What you should do: Could you transcribe every record below exactly as written, leaving out any pictures?
* * * * * * * * *
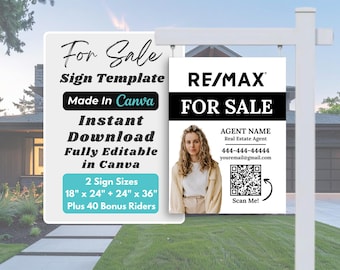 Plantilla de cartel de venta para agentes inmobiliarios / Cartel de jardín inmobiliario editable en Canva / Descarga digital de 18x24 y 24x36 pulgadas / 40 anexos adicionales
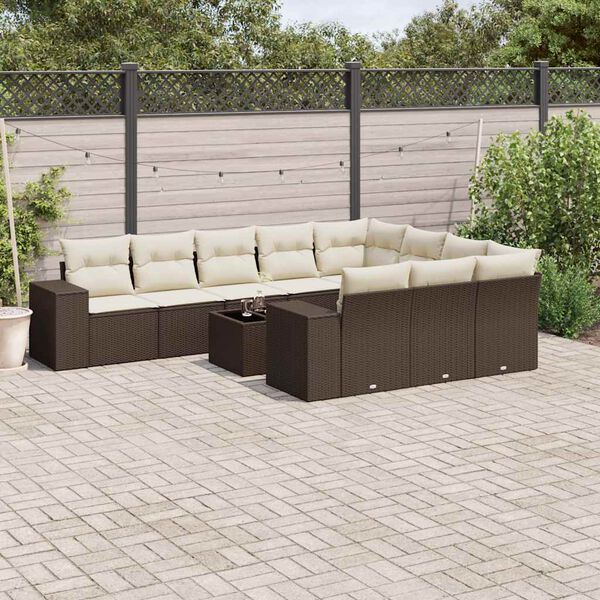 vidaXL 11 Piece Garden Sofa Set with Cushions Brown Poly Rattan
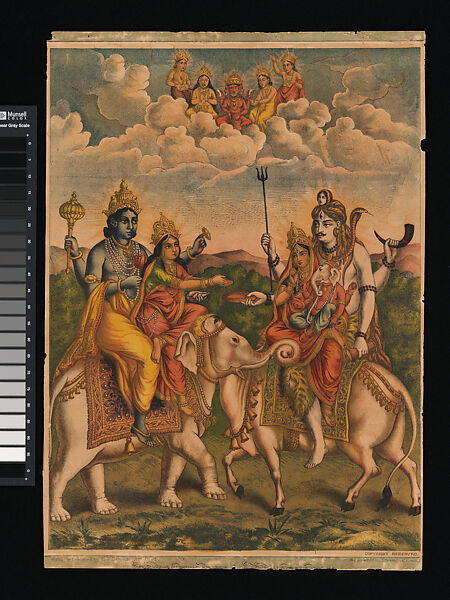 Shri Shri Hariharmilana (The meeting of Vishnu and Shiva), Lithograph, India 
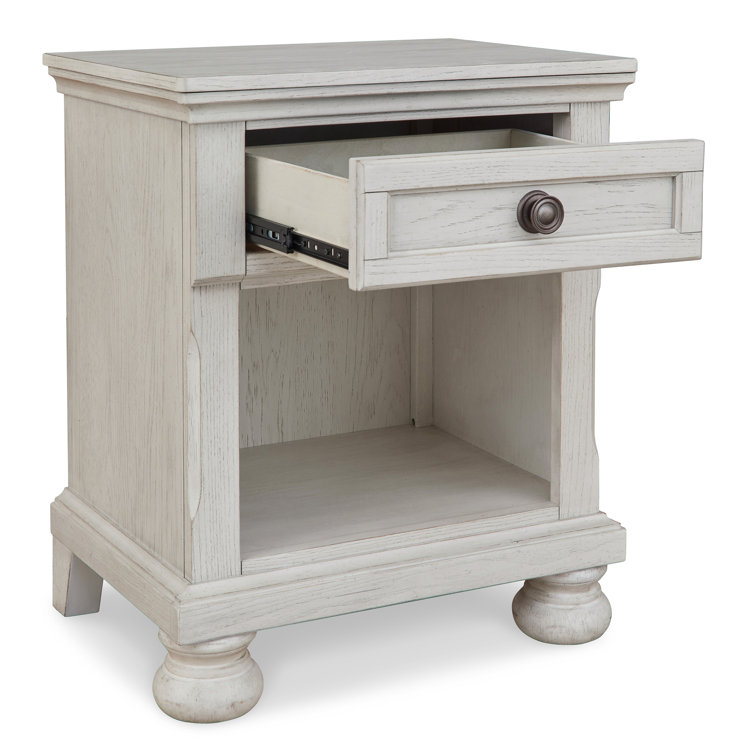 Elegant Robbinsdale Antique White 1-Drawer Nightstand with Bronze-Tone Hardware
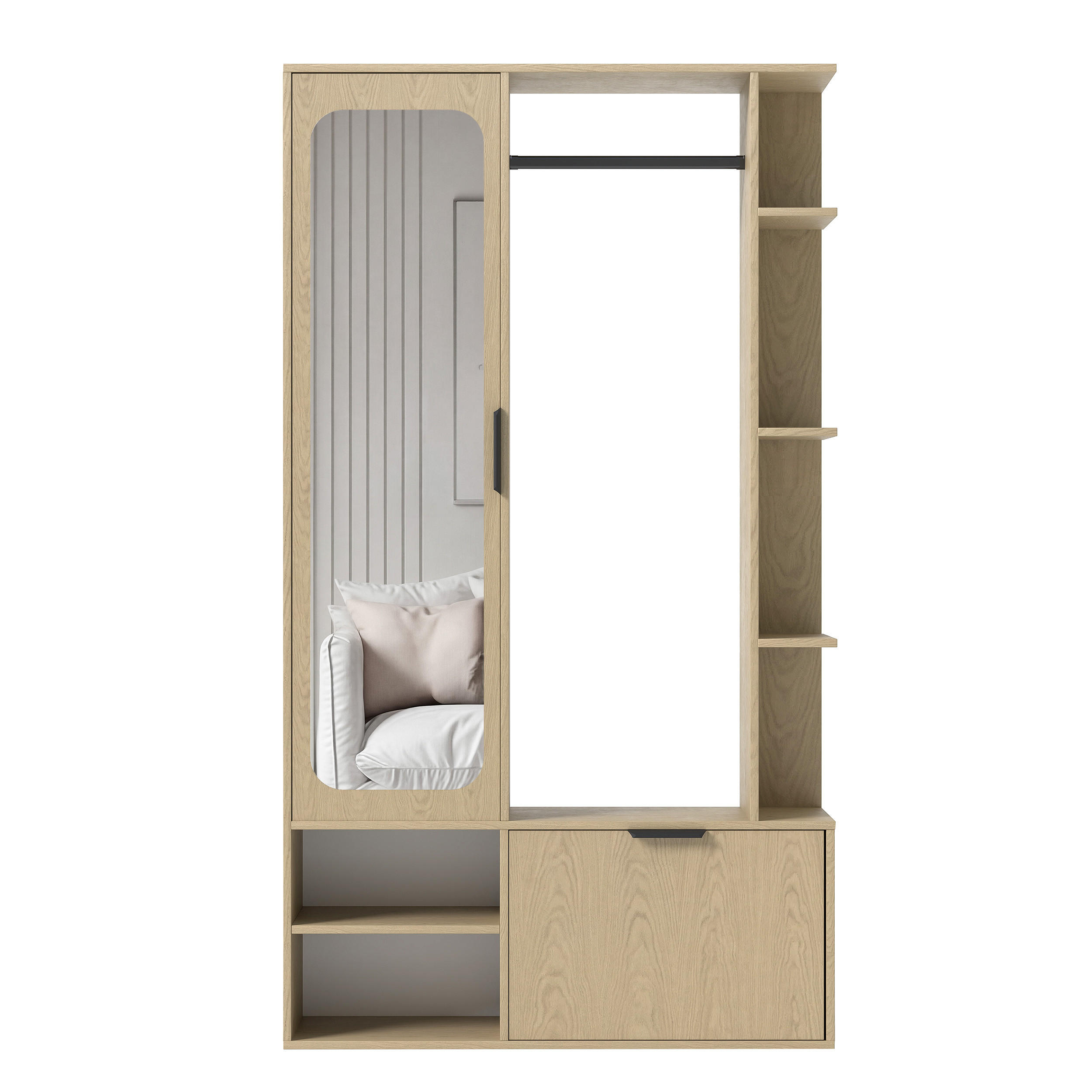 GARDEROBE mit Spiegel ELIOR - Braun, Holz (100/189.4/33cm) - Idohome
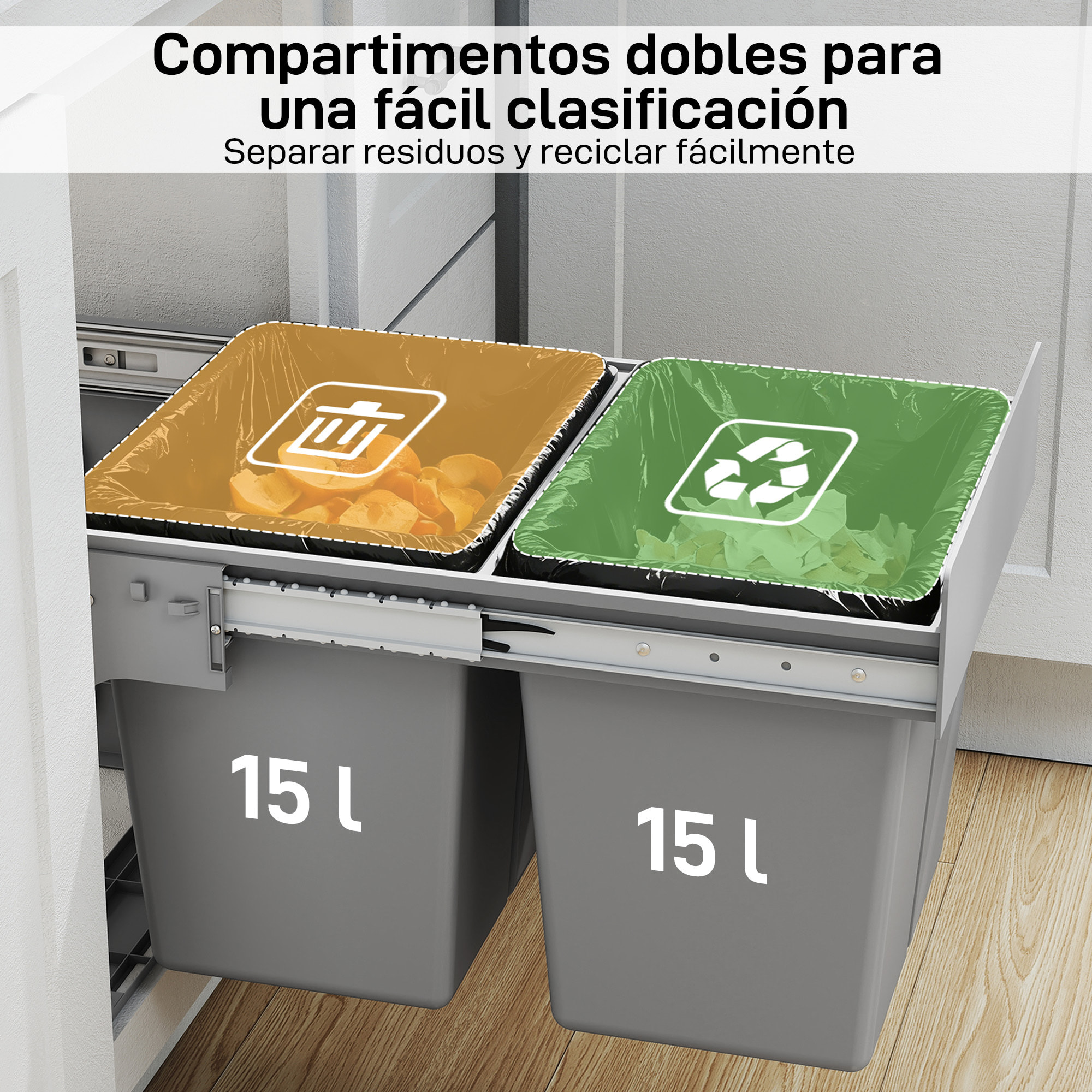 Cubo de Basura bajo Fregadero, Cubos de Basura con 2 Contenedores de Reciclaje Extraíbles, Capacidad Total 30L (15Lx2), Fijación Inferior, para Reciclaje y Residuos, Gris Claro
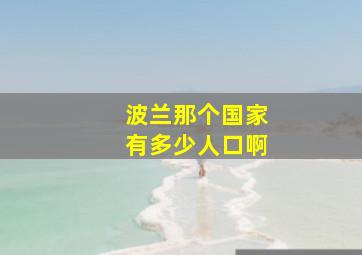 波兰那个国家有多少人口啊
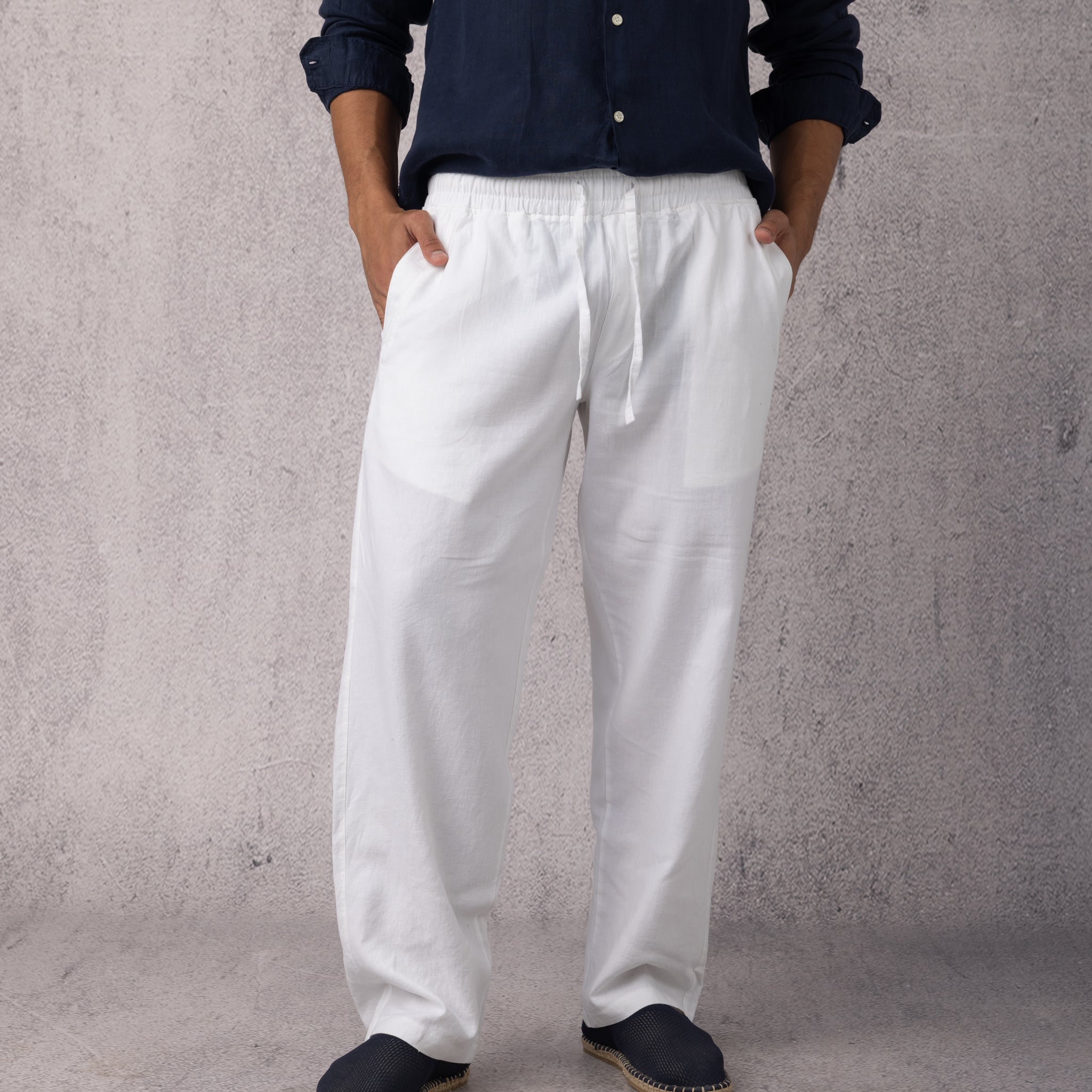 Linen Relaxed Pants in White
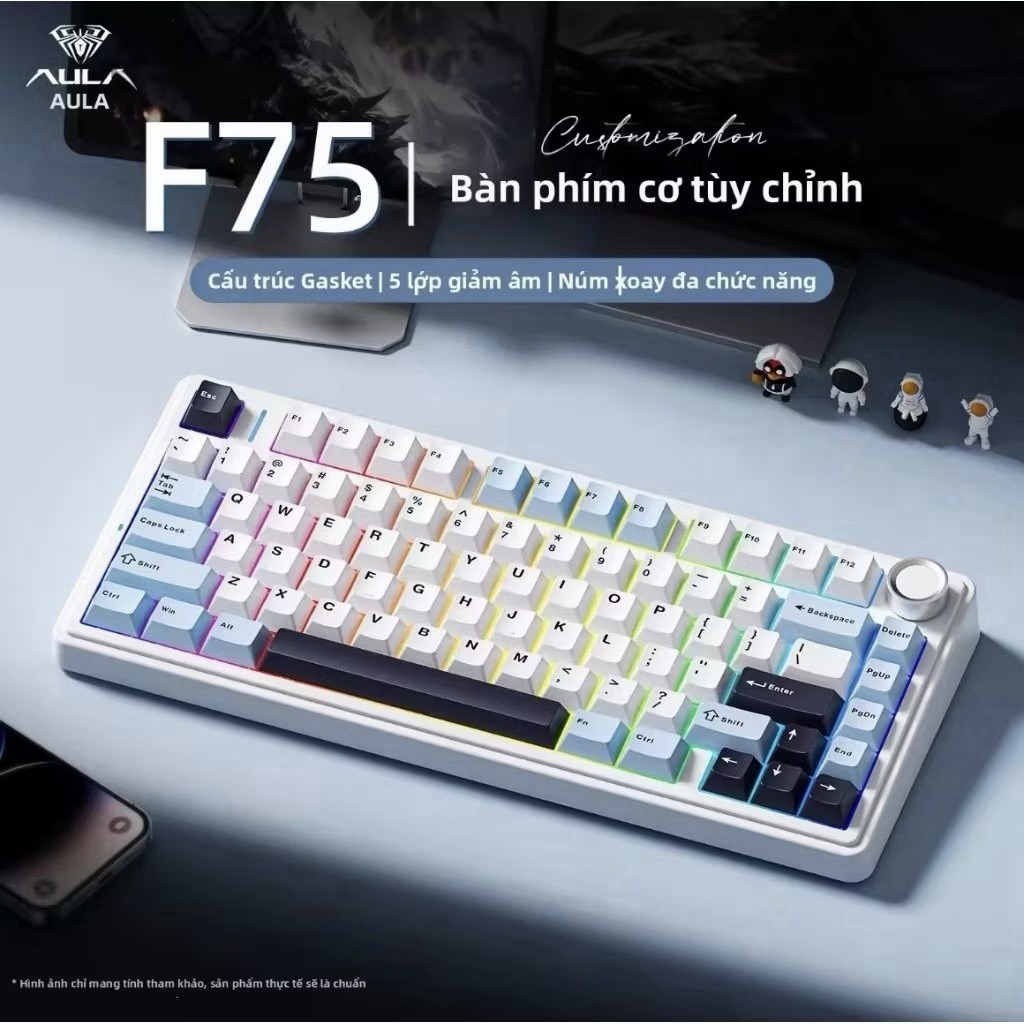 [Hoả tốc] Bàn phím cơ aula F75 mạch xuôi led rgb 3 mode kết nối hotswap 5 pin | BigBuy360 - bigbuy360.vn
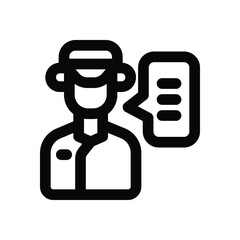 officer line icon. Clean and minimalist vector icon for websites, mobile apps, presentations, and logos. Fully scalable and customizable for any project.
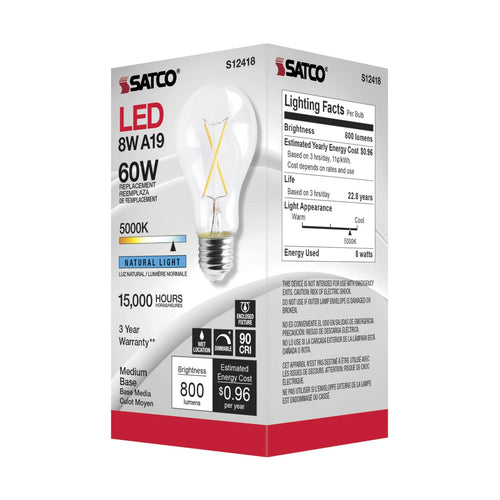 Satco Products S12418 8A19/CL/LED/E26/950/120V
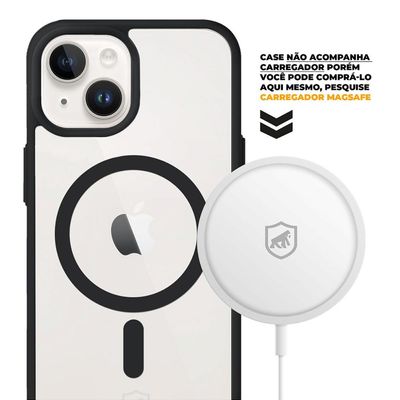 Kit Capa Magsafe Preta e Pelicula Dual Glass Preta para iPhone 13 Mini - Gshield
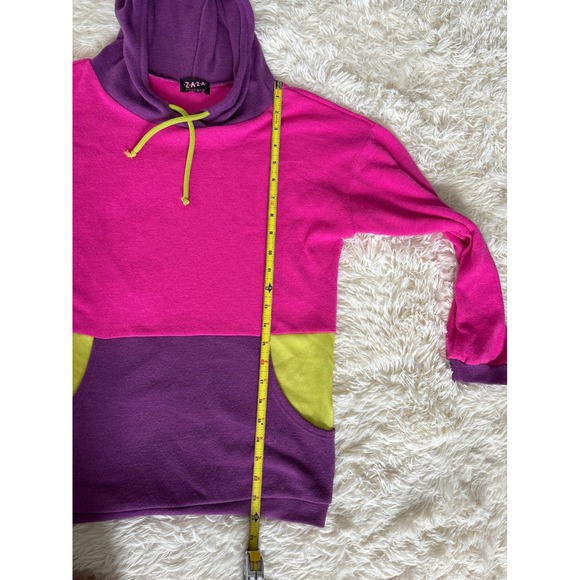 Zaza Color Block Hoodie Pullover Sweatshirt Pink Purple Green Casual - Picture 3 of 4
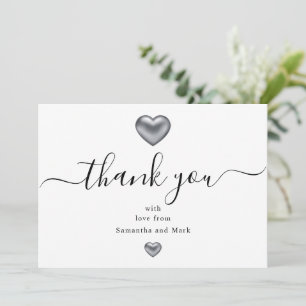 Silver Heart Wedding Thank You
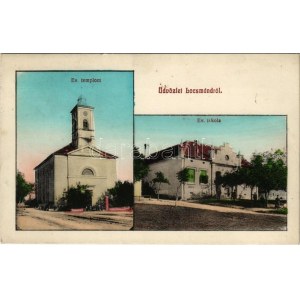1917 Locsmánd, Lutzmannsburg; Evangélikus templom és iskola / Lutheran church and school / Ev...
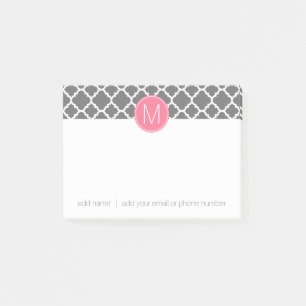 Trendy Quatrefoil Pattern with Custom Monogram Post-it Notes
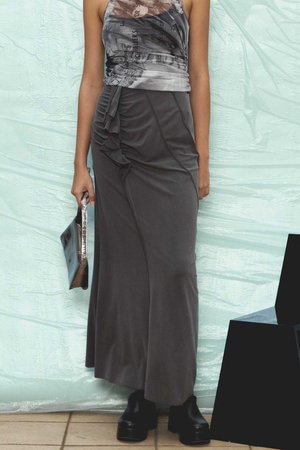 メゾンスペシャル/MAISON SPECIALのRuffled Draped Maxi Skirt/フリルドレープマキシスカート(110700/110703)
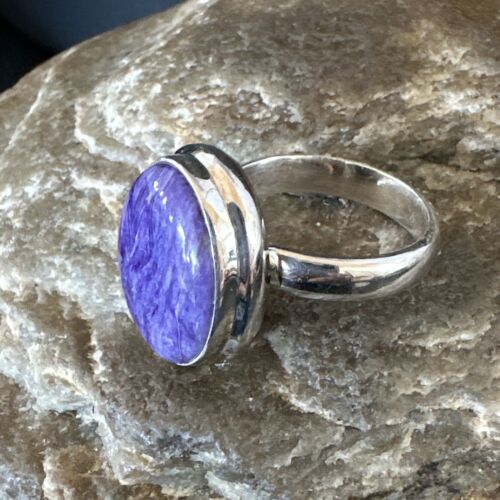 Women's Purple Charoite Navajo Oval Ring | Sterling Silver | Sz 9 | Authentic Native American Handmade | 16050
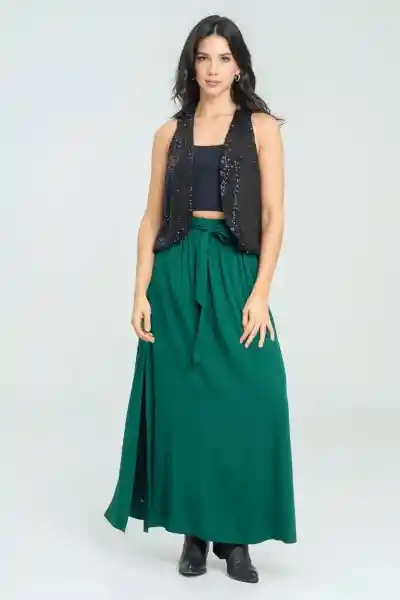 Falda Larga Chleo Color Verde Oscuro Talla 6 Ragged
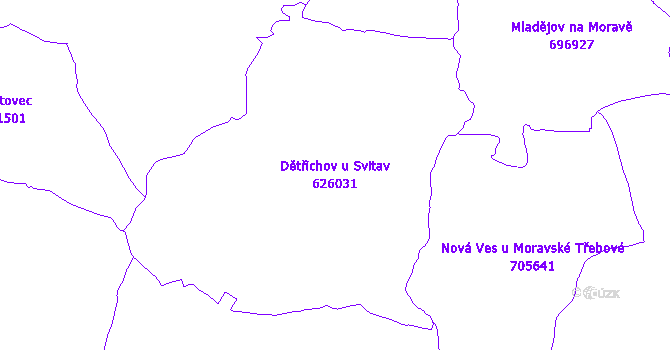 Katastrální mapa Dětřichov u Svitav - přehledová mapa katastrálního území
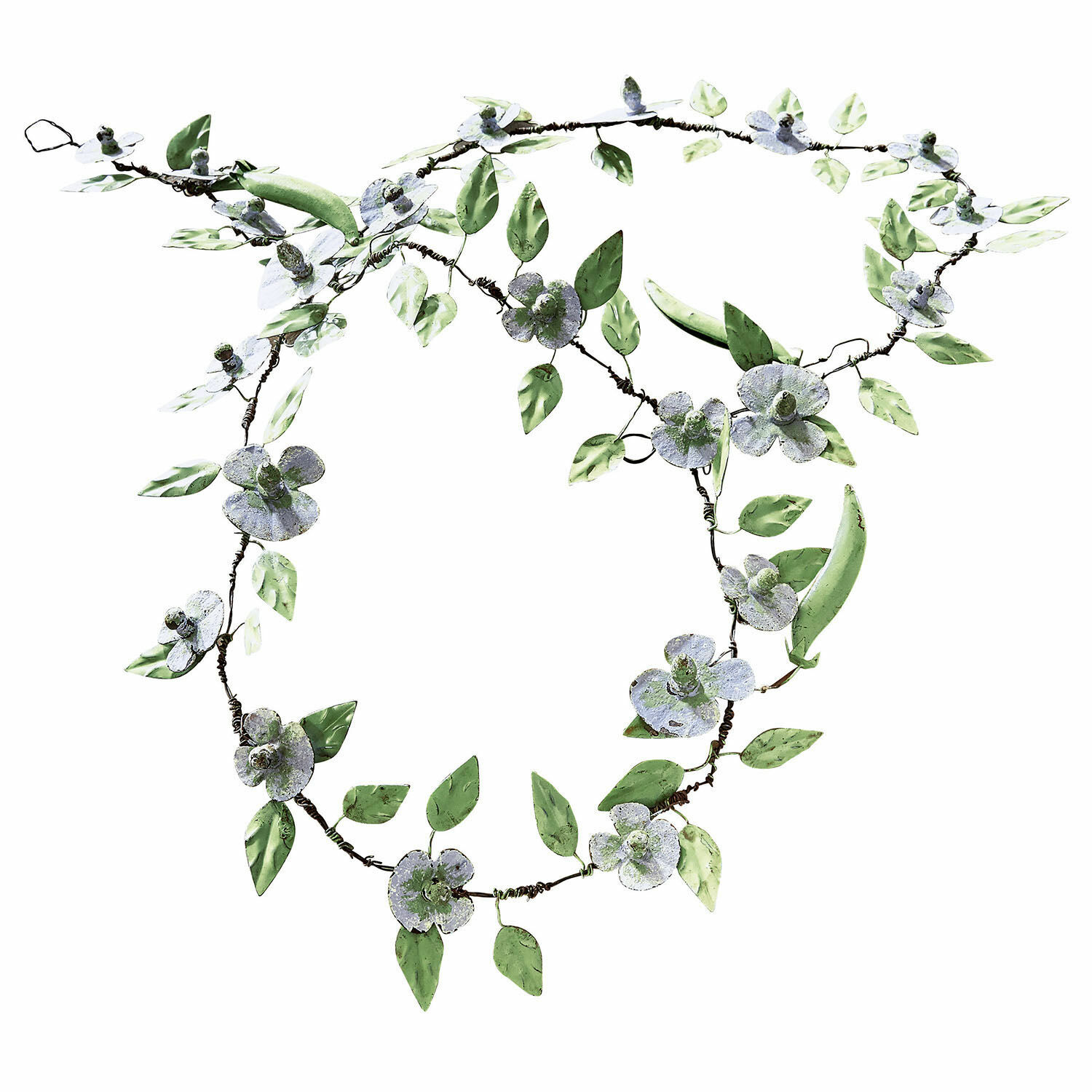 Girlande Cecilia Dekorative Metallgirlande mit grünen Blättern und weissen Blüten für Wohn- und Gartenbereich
* * * * * * * * *
Task answer:
 Plantilla de cartel de venta para agentes inmobiliarios / Cartel de jardín inmobiliario editable en Canva / Descarga digital de 18x24 y 24x36 pulgadas / 40 anexos adicionales
 vidaXL 11 Piece Garden Sofa Set with Cushions Brown Poly Rattan
 Shri Shri Hariharmilana (The meeting of Vishnu and Shiva), Lithograph, India 
 Elegant Robbinsdale Antique White 1-Drawer Nightstand with Bronze-Tone Hardware
 GARDEROBE mit Spiegel ELIOR - Braun, Holz (100/189.4/33cm) - Idohome
 Cubo de Basura bajo Fregadero, Cubos de Basura con 2 Contenedores de Reciclaje Extraíbles, Capacidad Total 30L (15Lx2), Fijación Inferior, para Reciclaje y Residuos, Gris Claro
 波兰那个国家有多少人口啊
 Linen Relaxed Pants in White
 [Hoả tốc] Bàn phím cơ aula F75 mạch xuôi led rgb 3 mode kết nối hotswap 5 pin | BigBuy360 - bigbuy360.vn
 officer line icon. Clean and minimalist vector icon for websites, mobile apps, presentations, and logos. Fully scalable and customizable for any project.
 Satco Products S12418 8A19/CL/LED/E26/950/120V
 Kit Capa Magsafe Preta e Pelicula Dual Glass Preta para iPhone 13 Mini - Gshield
 Zaza Color Block Hoodie Pullover Sweatshirt Pink Purple Green Casual - Picture 3 of 4
 Silver Heart Wedding Thank You
1917 Locsmánd, Lutzmannsburg; Evangélikus templom és iskola / Lutheran church and school / Ev...
 Trendy Quatrefoil Pattern with Custom Monogram Post-it Notes
 メゾンスペシャル/MAISON SPECIALのRuffled Draped Maxi Skirt/フリルドレープマキシスカート(110700/110703)
 Women's Purple Charoite Navajo Oval Ring | Sterling Silver | Sz 9 | Authentic Native American Handmade | 16050
 Falda Larga Chleo Color Verde Oscuro Talla 6 Ragged
 Katastrální mapa Dětřichov u Svitav - přehledová mapa katastrálního území
 Girlande Cecilia Dekorative Metallgirlande mit grünen Blättern und weissen Blüten für Wohn- und Gartenbereich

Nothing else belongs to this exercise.